§ **SUPPLIED RECORDS**:
=-=-=-=-=

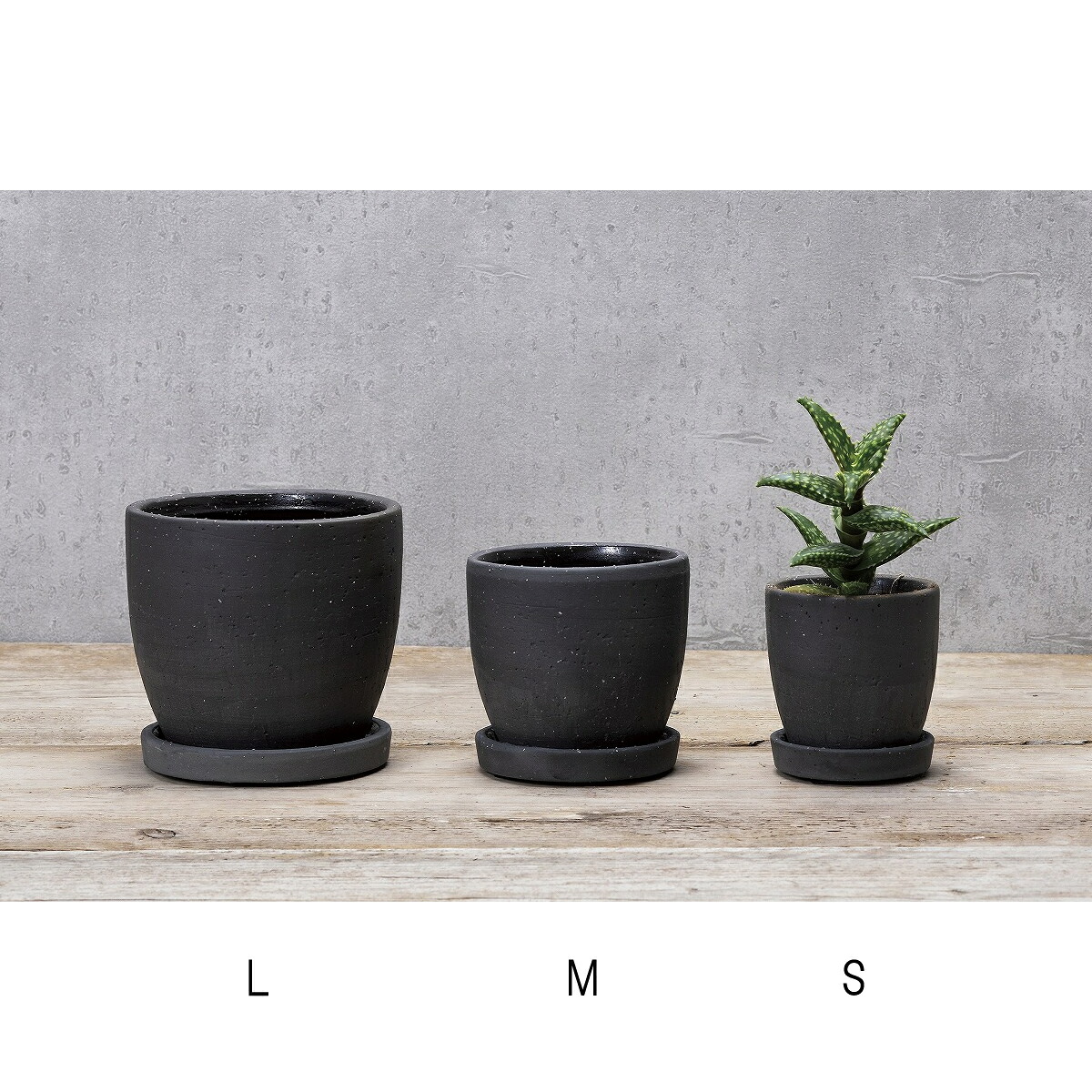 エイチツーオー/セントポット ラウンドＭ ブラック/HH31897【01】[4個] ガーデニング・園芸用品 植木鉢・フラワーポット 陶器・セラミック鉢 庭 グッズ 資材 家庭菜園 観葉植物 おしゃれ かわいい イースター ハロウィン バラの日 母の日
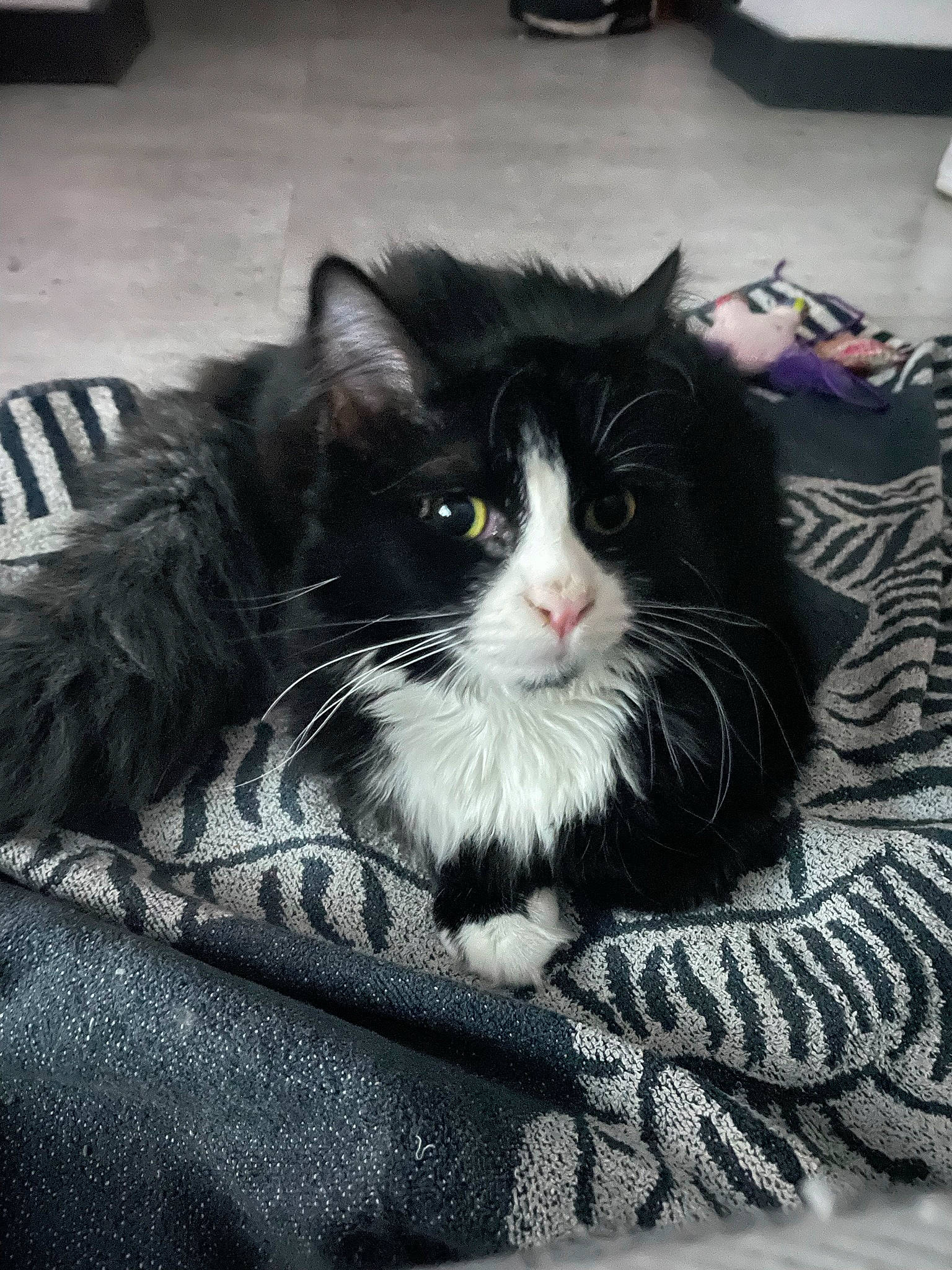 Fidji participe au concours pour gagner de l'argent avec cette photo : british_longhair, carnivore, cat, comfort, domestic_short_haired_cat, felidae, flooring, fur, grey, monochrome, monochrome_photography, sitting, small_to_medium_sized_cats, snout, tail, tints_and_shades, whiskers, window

=-=-=-=-=

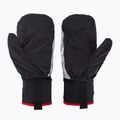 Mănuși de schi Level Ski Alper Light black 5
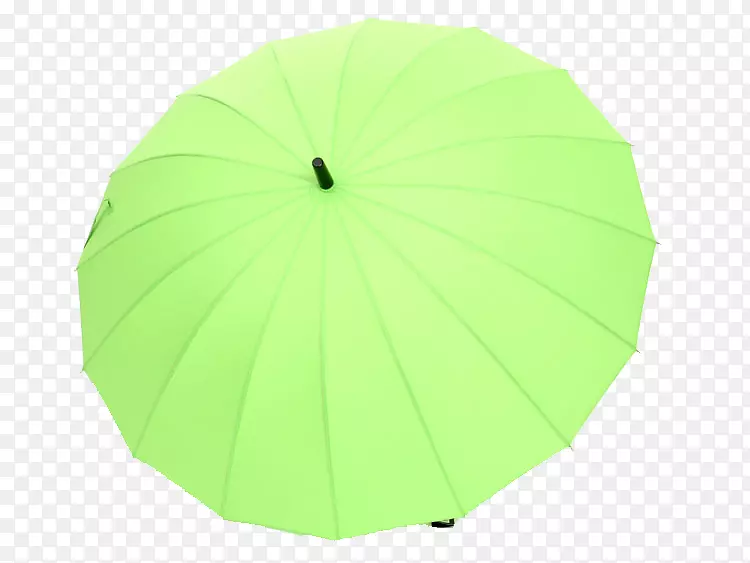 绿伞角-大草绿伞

=-=-=-=-=

§ **TASK DESCRIPTION**: From the listing above, please give again the lines that begin with the line holding "エイチツーオー/セントポット ラウンドＭ ブラック/HH31897【01】[4個]" and go on through the line holding "Fidji participe au", exactly, both ends included, minus any picture.

§ **OUTPUT FOR THIS TASK**:
 エイチツーオー/セントポット ラウンドＭ ブラック/HH31897【01】[4個] ガーデニング・園芸用品 植木鉢・フラワーポット 陶器・セラミック鉢 庭 グッズ 資材 家庭菜園 観葉植物 おしゃれ かわいい イースター ハロウィン バラの日 母の日
 Fidji participe au concours pour gagner de l'argent avec cette photo : british_longhair, carnivore, cat, comfort, domestic_short_haired_cat, felidae, flooring, fur, grey, monochrome, monochrome_photography, sitting, small_to_medium_sized_cats, snout, tail, tints_and_shades, whiskers, window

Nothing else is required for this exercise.